Octopress appealed to my inner geek who really liked the idea of tinkering with code and building a site from the command line.

There are/were other benefits to using Octopress:

  • You don’t rely on an online CMS. All the software producing the site lives on your computer. If you’re using sites like Tumblr or Squarespace, you rely on those sites to remain online and to remain largely the same. If they go offline, or something happens to them, your site is gone. Not so with Octopress. As long as your OS and software remain the same, you can keep using it forever, even if Octopress development stopped entirely.

  • Produces a static site. This means that, when you build your site, it ends up being a bunch of HTML and CSS files that get delivered to your computer, without the server having to produce or compile any of them upon request. This makes your site more lightweight and faster to load.

What was bad about Octopress

As I understood it, Octopress was advertised as a wrapper around Jekyll.1 A wrapper that should have made it better, and more powerful, with all kinds of plugins, and… things.

Now that I think of it, I’m not sure how Octopress was supposed to be better than Jekyll. I just remember that the impression that I got was that Jekyll was ugly and scary and had claws, and Octopress was supposed to be the nice civil one.

Before I continue, I should make it clear that I did enjoy using Octopress and I probably would not have started a site without it at the time. I appreciate Brandon making it available for myself and others who used it.

Except that Octopress is a mess.2 I used it for over a year and I still don’t understand how all the parts fit together. My original site was one hack on top of another held together with duct tape.

Jekyll is actually nicer

I had not posted on my site for quite a while when I heard of the new Octopress being in development. I was excited at first because I thought it would make Octopress better, however, it turns out to be significantly different from the current Octopress, with the developer expressing some concerns about migration.

This made me pessimistic about the prospects of sticking with Octopress, and encouraged me to look into Jekyll and consider migrating to that, or something else.

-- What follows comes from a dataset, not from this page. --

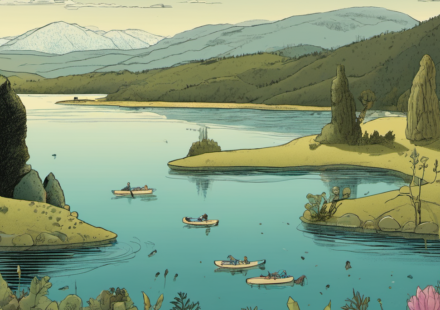 8‑Year‑Old Louisiana Girl Dies After Lake Swim Infection — AI-generated editorial illustration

And Jekyll is actually a lot nicer!

It took me a day to get the hang of Jekyll, although that speed is not a good indication of the difference between Octopress and Jekyll: Octopress uses a similar paradigm and file structure, and that, along with all the technical experience I’ve gained since 2012, taught me a lot of prerequisite knowledge for Jekyll.

That said, I actually understand Jekyll’s default css/sass files. There are only four of them.3

Jekyll’s default theme is a lot nicer and cleaner than Octopress’. It took a lot less time and effort to tweak the style to a point I am pretty happy with. My site loads much faster as well.4

Jekyll’s development seems further ahead. There was no equivalent to the amazing jekyll serve --watch command in Octopress.

Jekyll’s documentation is better and more comprehensive.

There are probably other reasons I’m enjoying Jekyll so much. Point is, it’s fun, I like it, and it’s here.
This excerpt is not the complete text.